━━ DATA PROVIDED ━━

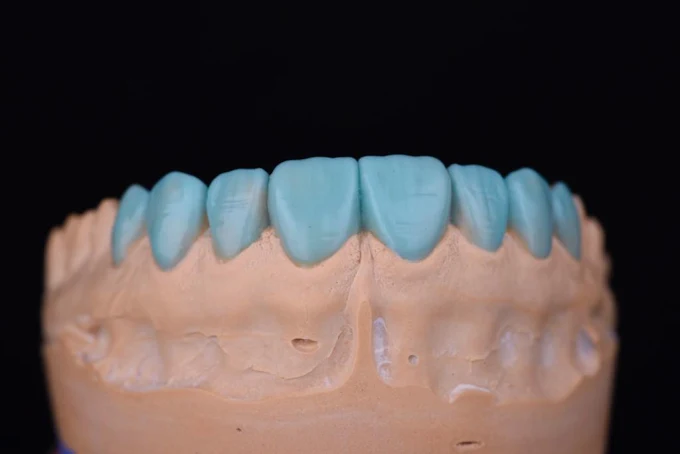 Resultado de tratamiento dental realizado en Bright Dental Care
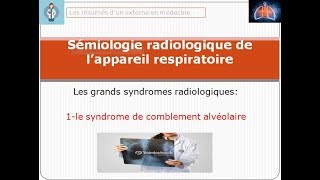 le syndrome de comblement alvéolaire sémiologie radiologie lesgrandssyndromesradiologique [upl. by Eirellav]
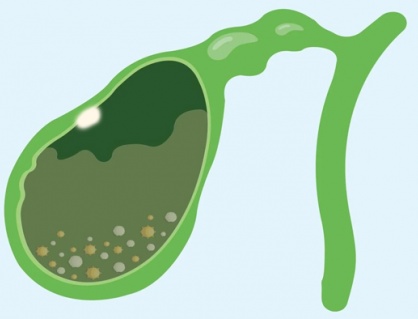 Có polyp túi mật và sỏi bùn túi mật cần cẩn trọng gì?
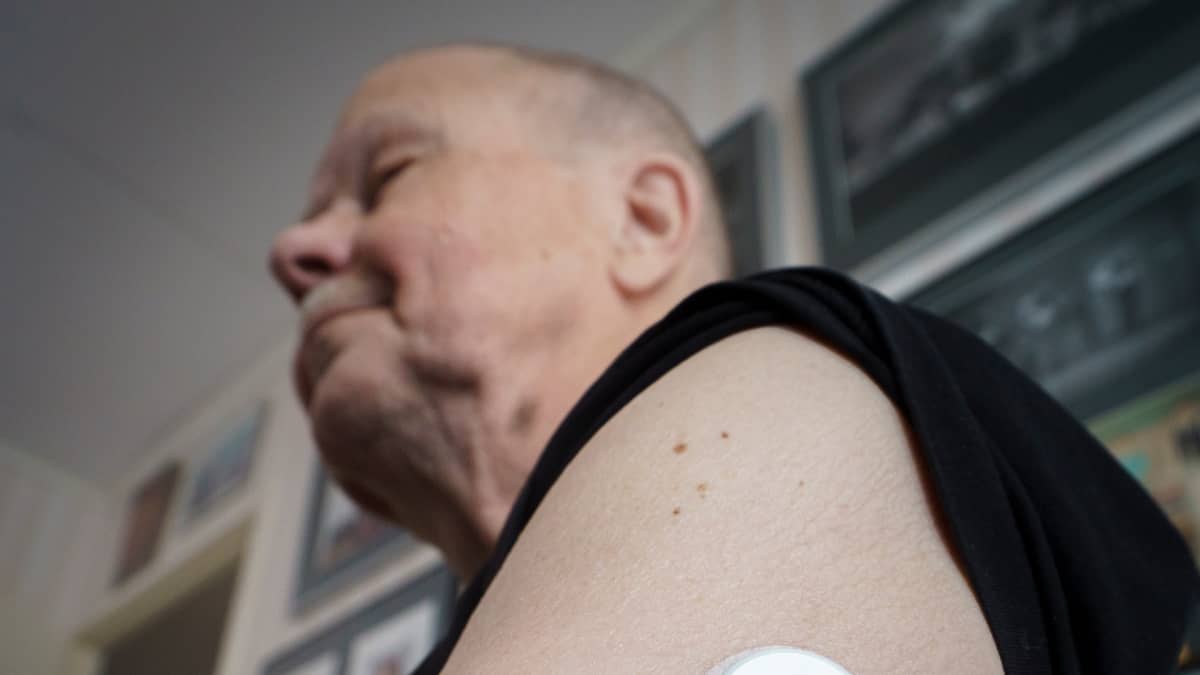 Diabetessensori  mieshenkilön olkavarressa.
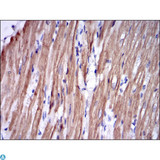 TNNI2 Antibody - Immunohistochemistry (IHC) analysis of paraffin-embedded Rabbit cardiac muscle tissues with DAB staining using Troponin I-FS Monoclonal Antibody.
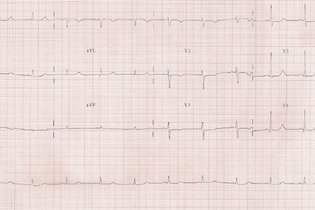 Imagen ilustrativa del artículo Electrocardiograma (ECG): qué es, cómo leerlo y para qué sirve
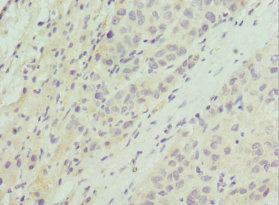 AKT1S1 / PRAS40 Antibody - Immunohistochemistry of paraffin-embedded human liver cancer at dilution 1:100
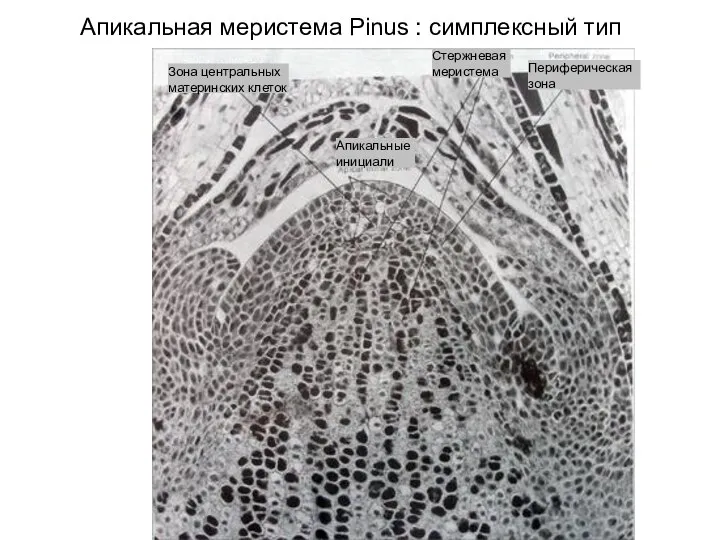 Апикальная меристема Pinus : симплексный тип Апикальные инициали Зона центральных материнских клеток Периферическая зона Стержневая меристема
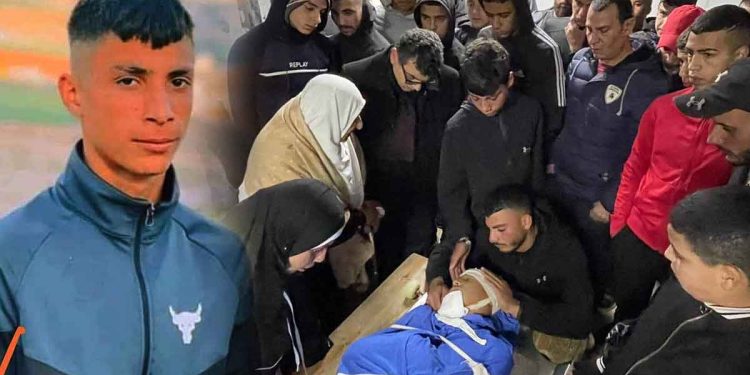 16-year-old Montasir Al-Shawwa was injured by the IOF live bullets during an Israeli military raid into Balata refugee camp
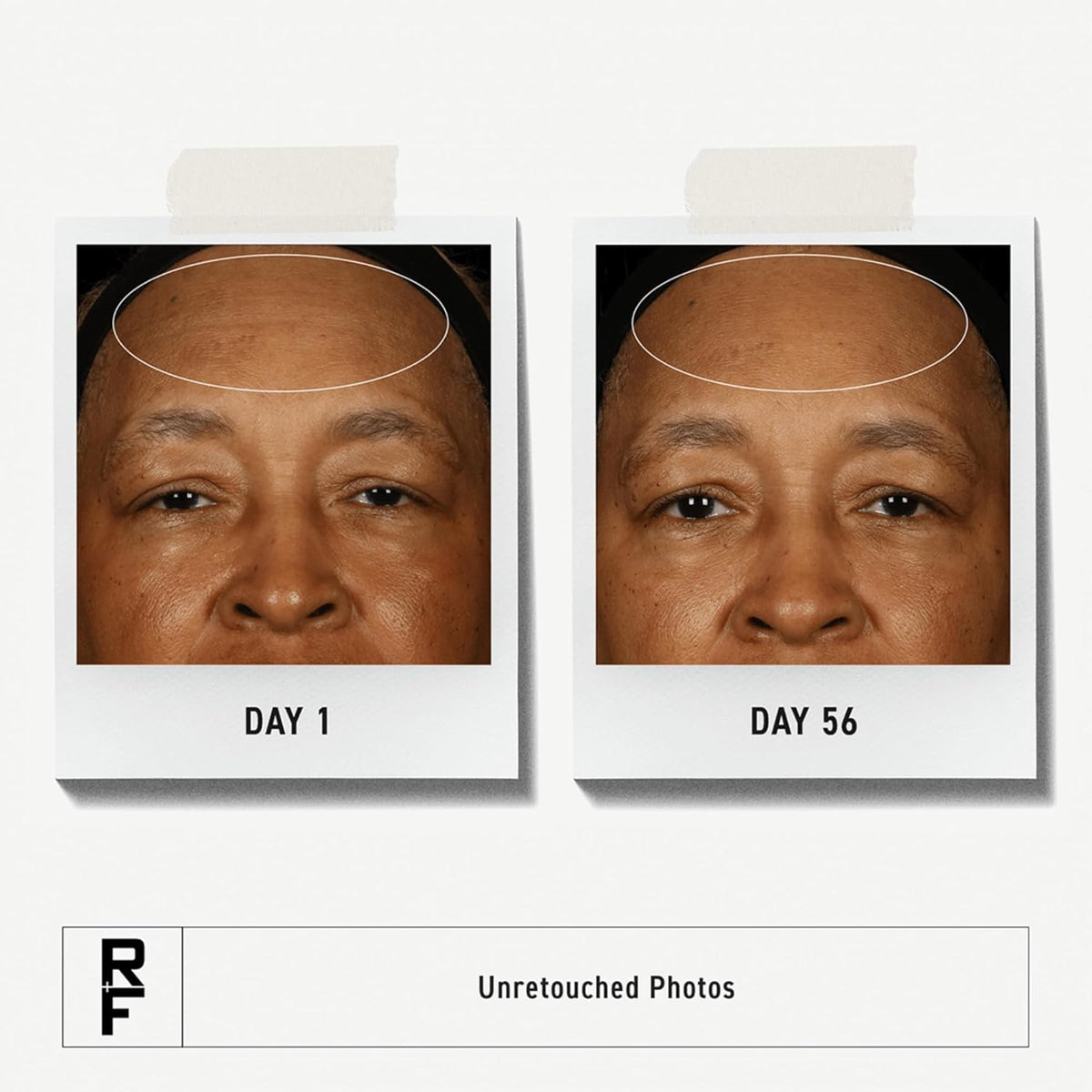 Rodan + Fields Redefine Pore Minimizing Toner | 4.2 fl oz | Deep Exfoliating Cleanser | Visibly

━━━
━━ DATA PROVIDED ━━

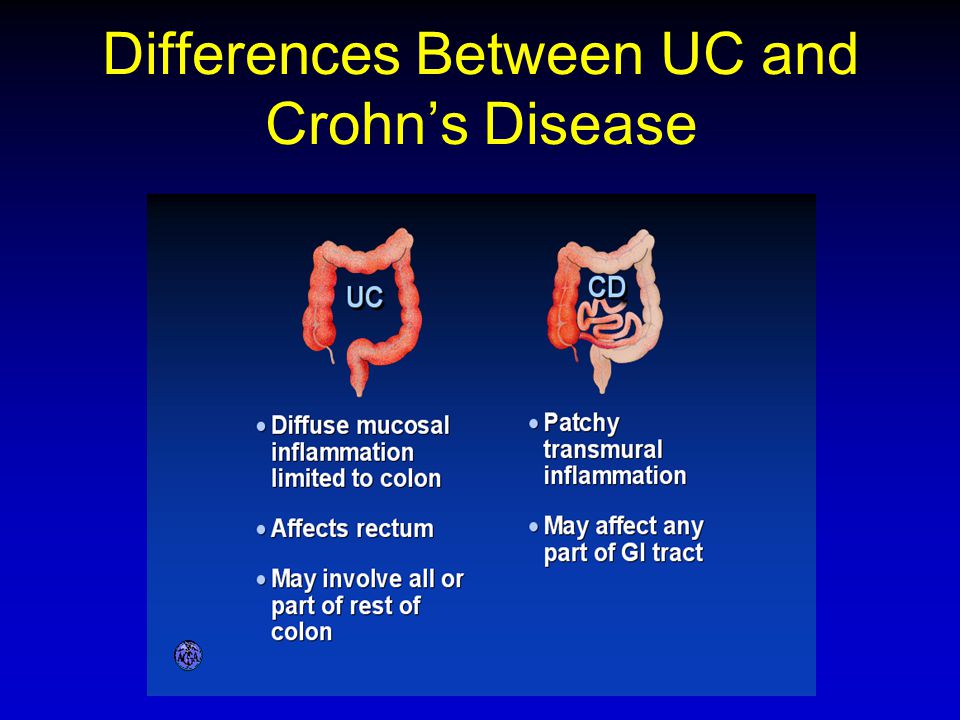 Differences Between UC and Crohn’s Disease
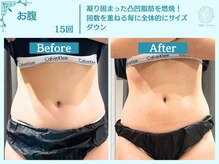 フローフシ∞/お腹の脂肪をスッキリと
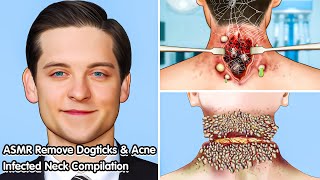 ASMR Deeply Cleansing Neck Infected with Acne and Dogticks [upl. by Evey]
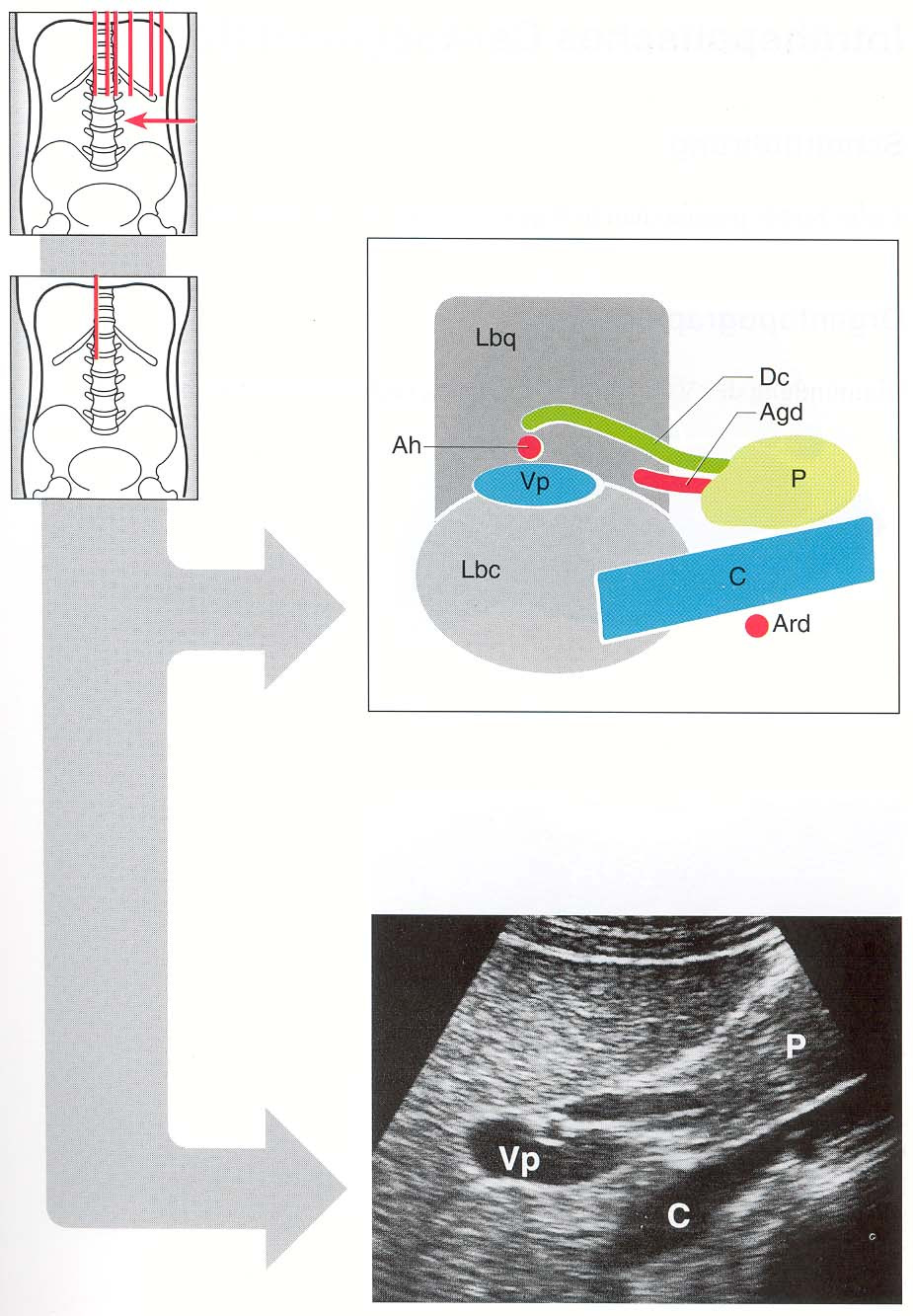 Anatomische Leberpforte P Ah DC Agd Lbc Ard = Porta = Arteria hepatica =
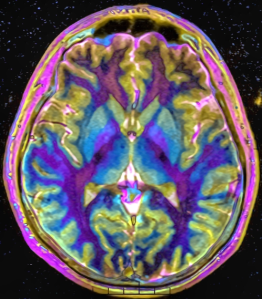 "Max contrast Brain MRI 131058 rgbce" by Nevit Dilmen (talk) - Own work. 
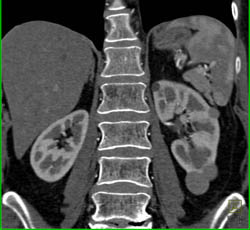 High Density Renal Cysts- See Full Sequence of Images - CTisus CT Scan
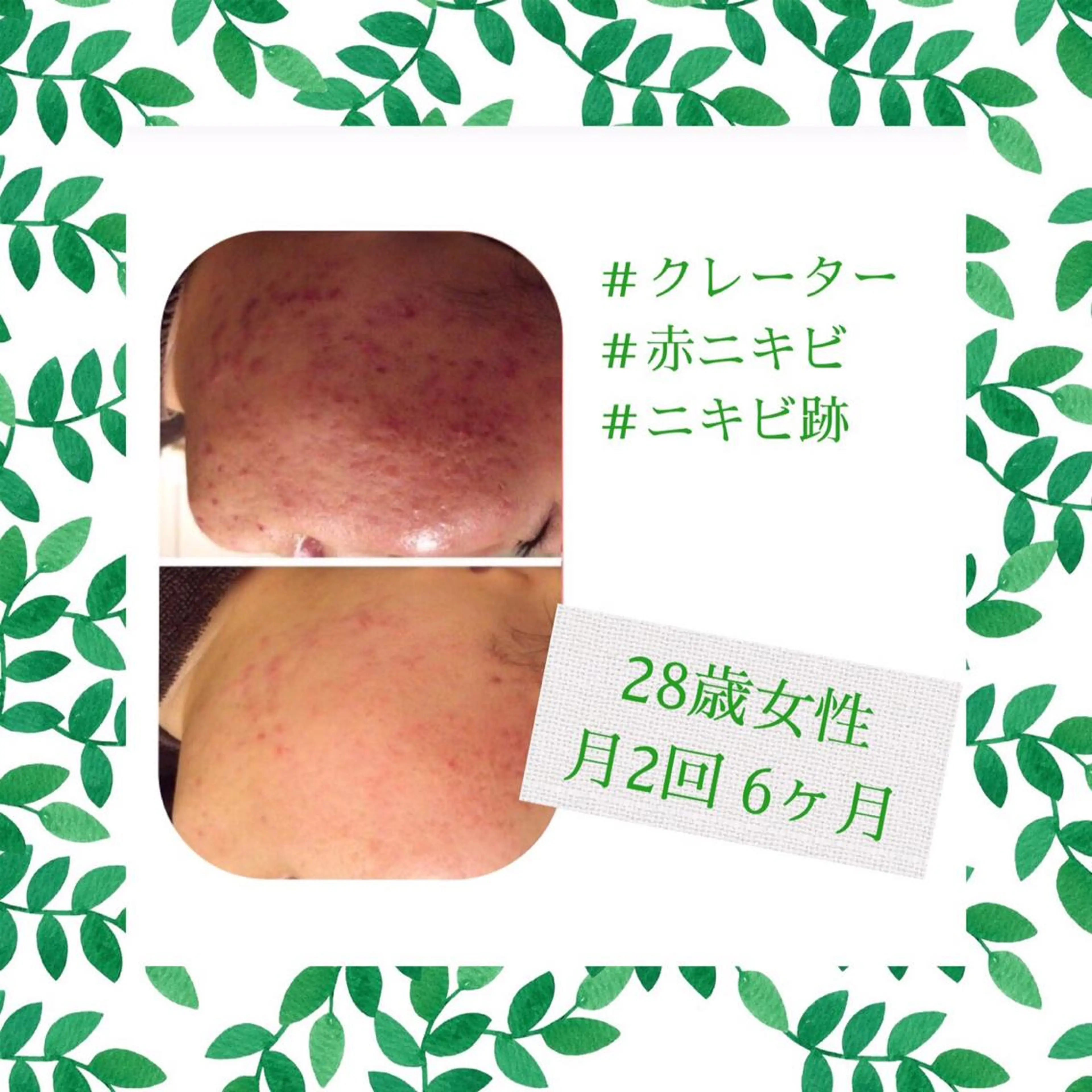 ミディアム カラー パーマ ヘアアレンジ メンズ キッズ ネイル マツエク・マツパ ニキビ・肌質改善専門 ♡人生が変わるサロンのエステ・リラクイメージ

━━━
━━ DATA PROVIDED ━━

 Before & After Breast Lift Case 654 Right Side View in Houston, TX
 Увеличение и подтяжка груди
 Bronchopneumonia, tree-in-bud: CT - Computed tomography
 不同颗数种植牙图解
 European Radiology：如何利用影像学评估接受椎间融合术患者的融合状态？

━━━

YOUR INSTRUCTIONS
From the material above, give again exactly the lines from the one that contains "High Density Renal" through the one that contains "ミディアム カラー パーマ", and leave out the pictures.

WRITTEN SOLUTION
 High Density Renal Cysts- See Full Sequence of Images - CTisus CT Scan
 ミディアム カラー パーマ ヘアアレンジ メンズ キッズ ネイル マツエク・マツパ ニキビ・肌質改善専門 ♡人生が変わるサロンのエステ・リラクイメージ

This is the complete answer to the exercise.